• Exercise requirements: Pictures in the records below must be left out. Return exactly the lines from the line with "That's why we" to the line with "When you click", both included.

• Data records:
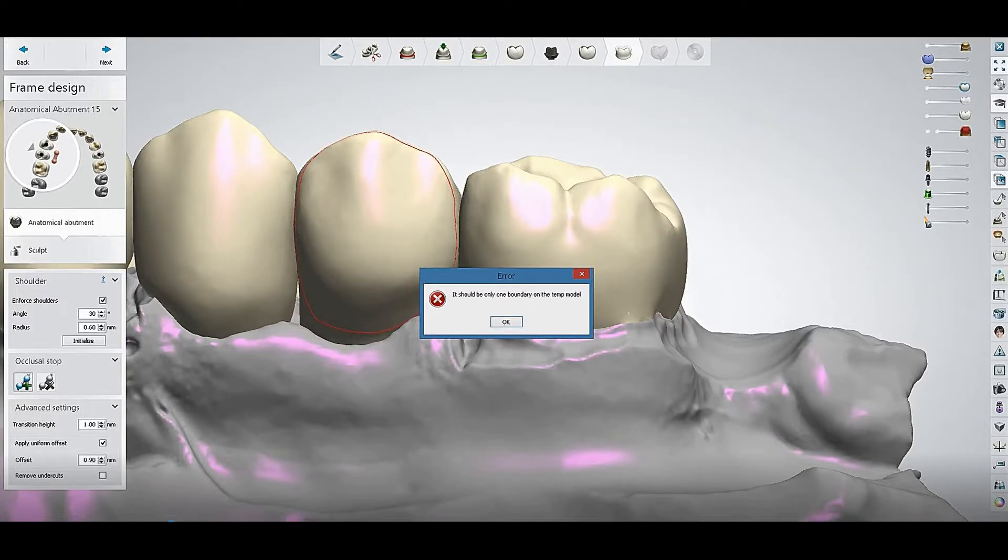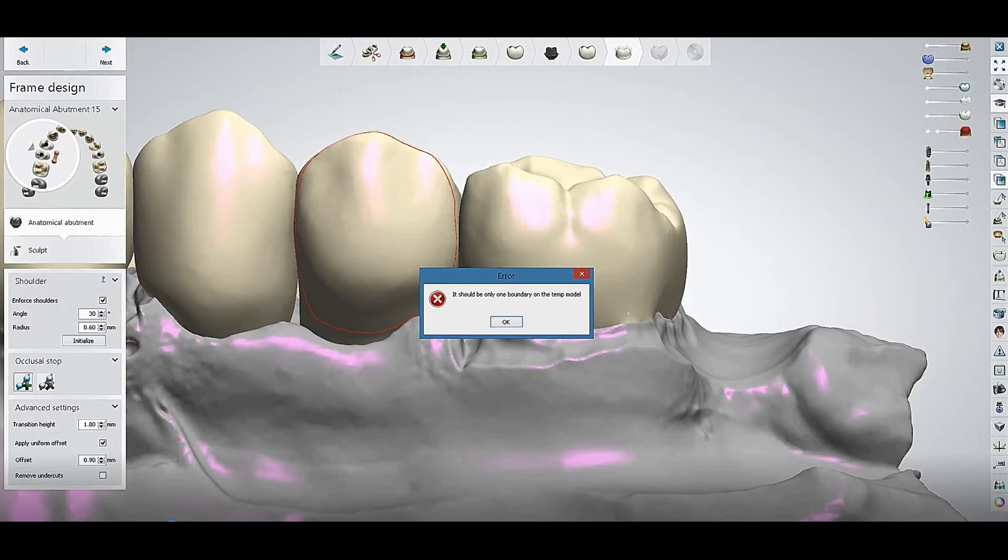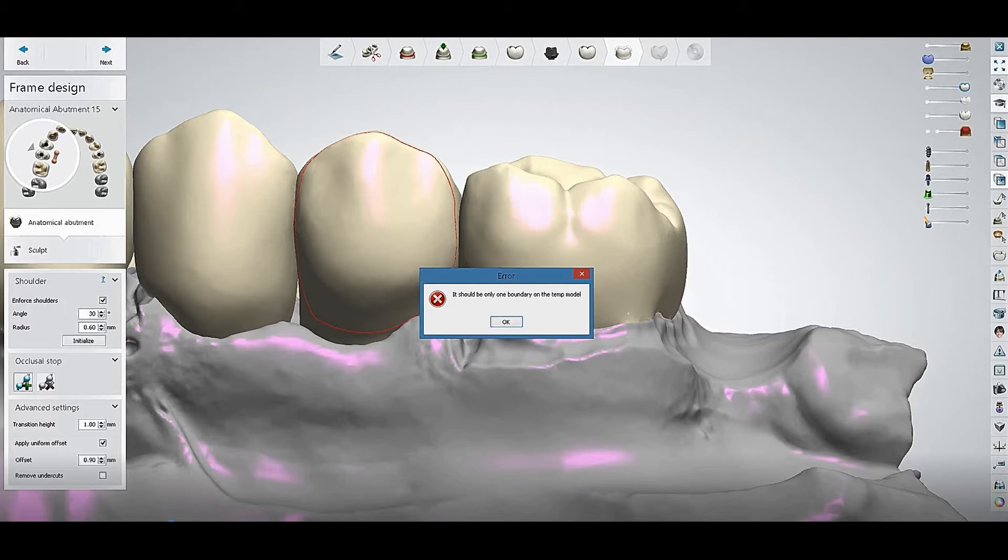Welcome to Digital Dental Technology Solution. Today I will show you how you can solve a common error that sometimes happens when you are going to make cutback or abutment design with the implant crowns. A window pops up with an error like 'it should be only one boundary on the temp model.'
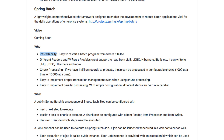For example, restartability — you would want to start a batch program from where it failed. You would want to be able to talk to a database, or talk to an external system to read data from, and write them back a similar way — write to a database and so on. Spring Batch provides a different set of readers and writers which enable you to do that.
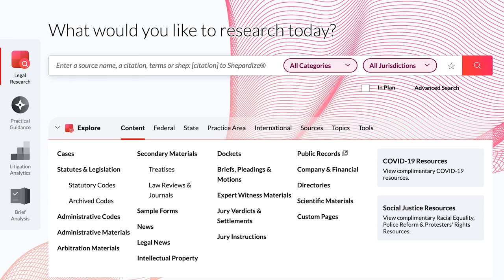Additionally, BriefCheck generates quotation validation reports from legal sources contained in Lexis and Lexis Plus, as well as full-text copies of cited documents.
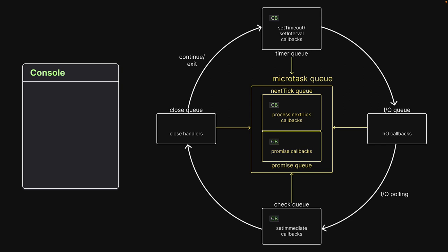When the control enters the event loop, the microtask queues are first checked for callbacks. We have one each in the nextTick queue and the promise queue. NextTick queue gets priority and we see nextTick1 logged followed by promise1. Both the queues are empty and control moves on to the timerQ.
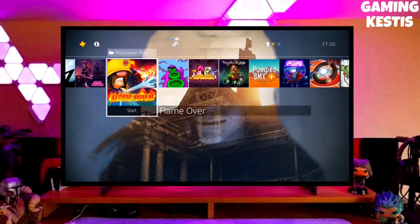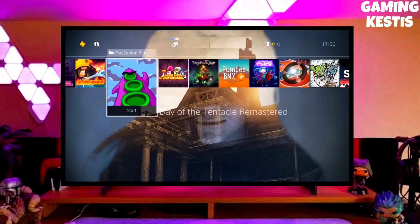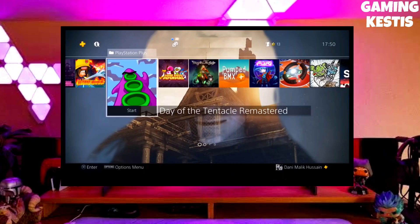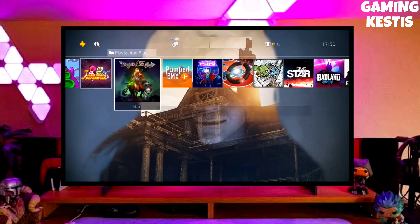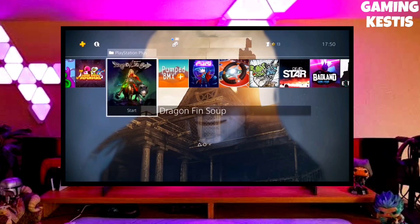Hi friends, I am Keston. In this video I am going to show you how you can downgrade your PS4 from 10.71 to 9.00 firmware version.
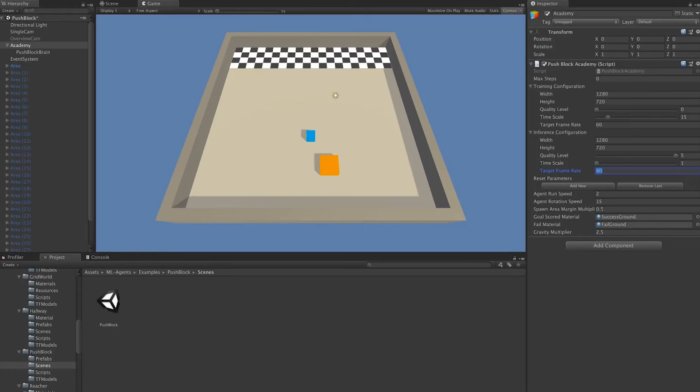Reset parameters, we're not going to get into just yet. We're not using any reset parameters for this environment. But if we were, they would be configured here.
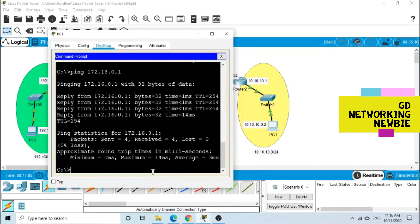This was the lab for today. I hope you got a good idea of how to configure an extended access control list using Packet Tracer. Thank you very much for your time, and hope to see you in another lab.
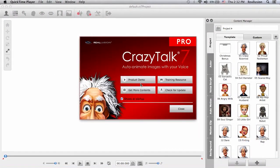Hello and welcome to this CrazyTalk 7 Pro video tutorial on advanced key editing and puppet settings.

* * *

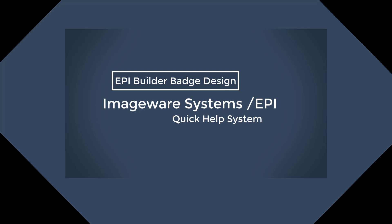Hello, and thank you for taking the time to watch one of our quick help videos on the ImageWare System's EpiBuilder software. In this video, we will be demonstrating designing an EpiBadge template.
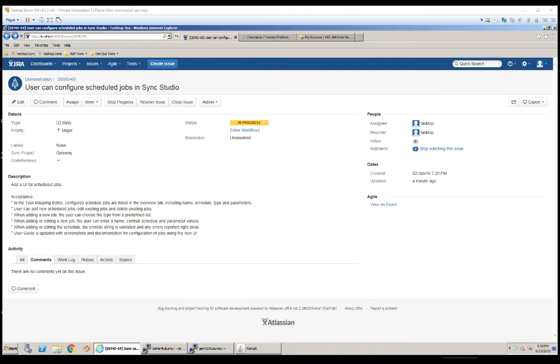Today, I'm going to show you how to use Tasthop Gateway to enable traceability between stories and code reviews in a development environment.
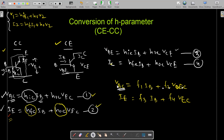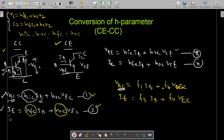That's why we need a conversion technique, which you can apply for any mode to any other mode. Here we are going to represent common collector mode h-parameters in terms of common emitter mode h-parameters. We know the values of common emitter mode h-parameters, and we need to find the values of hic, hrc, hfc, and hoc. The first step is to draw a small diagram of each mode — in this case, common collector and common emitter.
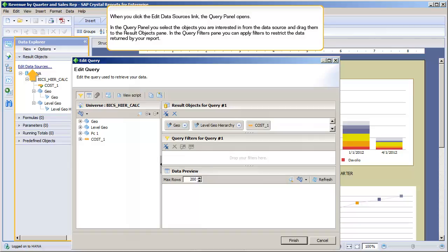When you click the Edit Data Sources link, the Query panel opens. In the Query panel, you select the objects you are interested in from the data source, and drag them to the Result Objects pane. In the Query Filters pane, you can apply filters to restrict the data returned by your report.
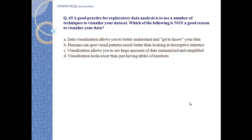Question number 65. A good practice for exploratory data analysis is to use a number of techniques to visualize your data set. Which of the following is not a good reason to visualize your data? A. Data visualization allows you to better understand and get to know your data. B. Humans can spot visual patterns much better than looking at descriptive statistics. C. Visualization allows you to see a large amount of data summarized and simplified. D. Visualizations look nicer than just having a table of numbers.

* * *

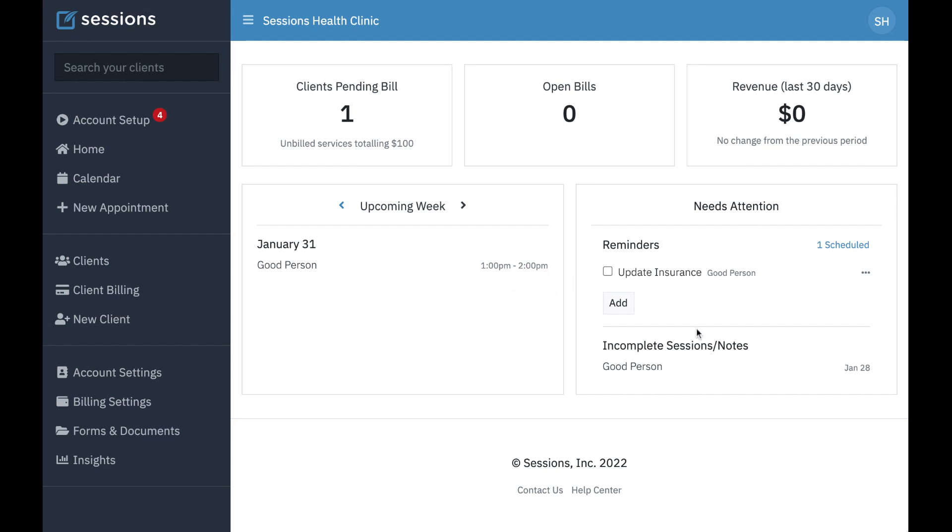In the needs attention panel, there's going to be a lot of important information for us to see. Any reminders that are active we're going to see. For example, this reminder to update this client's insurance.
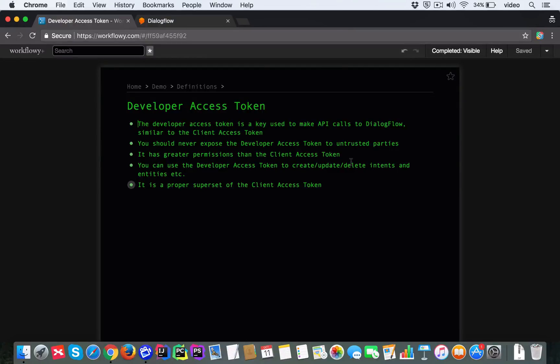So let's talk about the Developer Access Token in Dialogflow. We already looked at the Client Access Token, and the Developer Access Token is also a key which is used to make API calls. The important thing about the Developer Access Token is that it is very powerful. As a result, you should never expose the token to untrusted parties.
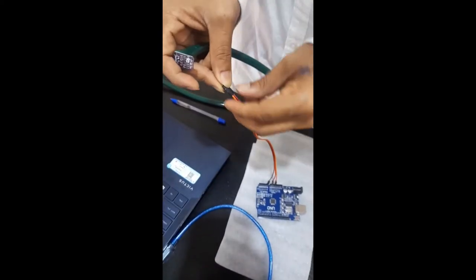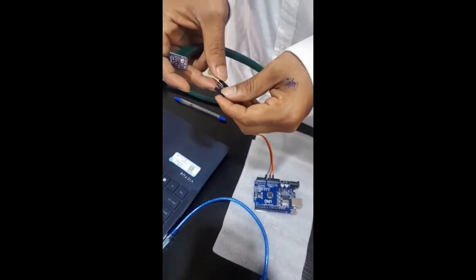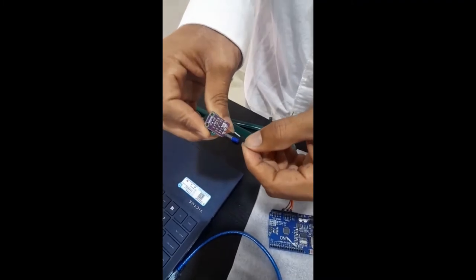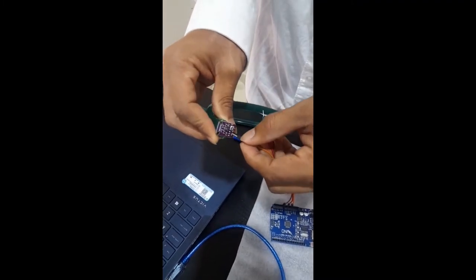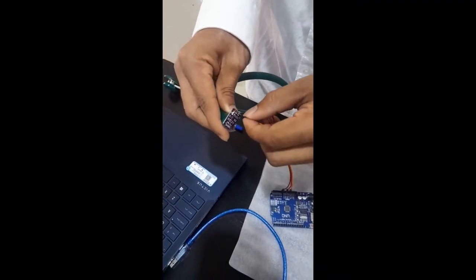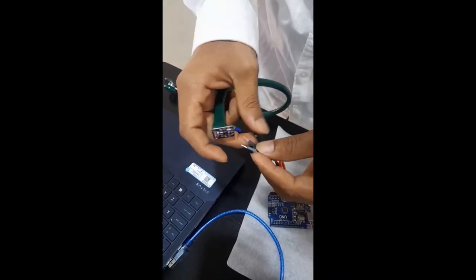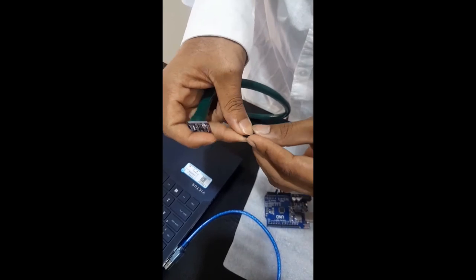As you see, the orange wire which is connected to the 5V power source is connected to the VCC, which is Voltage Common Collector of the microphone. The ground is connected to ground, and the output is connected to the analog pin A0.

• Written solution:
That's why we need a conversion technique, which you can apply for any mode to any other mode. Here we are going to represent common collector mode h-parameters in terms of common emitter mode h-parameters. We know the values of common emitter mode h-parameters, and we need to find the values of hic, hrc, hfc, and hoc. The first step is to draw a small diagram of each mode — in this case, common collector and common emitter.
When you click the Edit Data Sources link, the Query panel opens. In the Query panel, you select the objects you are interested in from the data source, and drag them to the Result Objects pane. In the Query Filters pane, you can apply filters to restrict the data returned by your report.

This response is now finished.